It is all or nothing. If we are denied our rights, then I say we come down hard and protest like nothing they have ever seen. This is ridiculous.


April 29th, 2015

I keep thinking there will be a different split decision, namely, that states cannot discriminate against same-sex couples (question 1 argued), but have leeway on recognizing marriages performed elsewhere (question 2). Having question 1 ruled in our favor would make question 2 moot as far as same-sex couples are concerned, but would still let states refuse, say, polygamous marriages from overseas.

casus fortuitus

May 2nd, 2015

This whole “until 2001, no society ever recognised same-sex marriage” line of argument that Alito seemed obsessed with is nonsense. Even if it were true, it doesn’t provide the Court with an excuse not to apply today’s law. And it’s simply not true, as even cursory research shows. Counsel for the petitioners should really have been better prepared for this.

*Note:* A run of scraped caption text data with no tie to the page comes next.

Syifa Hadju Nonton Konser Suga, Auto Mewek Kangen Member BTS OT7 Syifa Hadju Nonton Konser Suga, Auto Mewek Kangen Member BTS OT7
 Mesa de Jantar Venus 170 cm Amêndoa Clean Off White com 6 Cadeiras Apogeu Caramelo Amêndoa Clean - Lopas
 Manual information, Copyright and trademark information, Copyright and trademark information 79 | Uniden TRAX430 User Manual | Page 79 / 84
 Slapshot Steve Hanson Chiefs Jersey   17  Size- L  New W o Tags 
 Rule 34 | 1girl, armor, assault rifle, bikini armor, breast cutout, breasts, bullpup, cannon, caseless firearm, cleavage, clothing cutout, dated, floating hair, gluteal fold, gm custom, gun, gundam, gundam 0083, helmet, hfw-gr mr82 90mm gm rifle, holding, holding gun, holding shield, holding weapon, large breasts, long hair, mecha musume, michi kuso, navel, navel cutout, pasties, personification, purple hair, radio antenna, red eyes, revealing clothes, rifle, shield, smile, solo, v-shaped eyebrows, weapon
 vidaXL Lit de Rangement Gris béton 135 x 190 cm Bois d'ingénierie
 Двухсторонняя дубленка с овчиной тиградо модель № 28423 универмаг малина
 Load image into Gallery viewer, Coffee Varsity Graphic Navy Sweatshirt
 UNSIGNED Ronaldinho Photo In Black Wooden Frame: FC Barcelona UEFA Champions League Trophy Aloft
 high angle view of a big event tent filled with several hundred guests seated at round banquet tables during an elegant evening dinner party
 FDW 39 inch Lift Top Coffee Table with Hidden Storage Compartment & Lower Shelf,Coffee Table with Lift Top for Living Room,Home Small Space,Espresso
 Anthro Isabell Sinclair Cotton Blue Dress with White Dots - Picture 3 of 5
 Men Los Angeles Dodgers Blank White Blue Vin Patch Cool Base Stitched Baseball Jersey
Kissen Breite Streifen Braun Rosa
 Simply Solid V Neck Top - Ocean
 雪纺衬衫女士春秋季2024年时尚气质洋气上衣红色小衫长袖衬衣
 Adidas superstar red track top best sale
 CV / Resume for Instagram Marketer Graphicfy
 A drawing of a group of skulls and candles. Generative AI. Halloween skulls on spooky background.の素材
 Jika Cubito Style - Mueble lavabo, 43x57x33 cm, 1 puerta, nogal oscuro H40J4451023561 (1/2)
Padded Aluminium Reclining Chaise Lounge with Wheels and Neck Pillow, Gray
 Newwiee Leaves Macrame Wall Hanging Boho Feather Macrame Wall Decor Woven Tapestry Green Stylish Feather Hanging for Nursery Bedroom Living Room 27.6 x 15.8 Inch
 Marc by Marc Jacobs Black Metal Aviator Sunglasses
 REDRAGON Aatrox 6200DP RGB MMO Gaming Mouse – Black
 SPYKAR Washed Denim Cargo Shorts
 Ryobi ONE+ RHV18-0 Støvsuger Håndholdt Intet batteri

Also, Alito doesn’t understand democracy, if he’s convinced by his own argument that it must be for the ballot box and never for the courts to resolve a question like same-sex marriage. The only thing that distinguishes it from mob rule is respect for the fundamental human rights of everyone, so that the majority can never use its de facto legislative supremacy to oppress any minority. But the only remedy that members of minorities have is judicial – by definition, a minority can’t win a fight at the ballot box against the majority. There’s no more important or appropriate role for the courts than to enforce the fundamental rights of the marginalised, the despised and the disenfranchised.

I could go on, if I thought there was any point.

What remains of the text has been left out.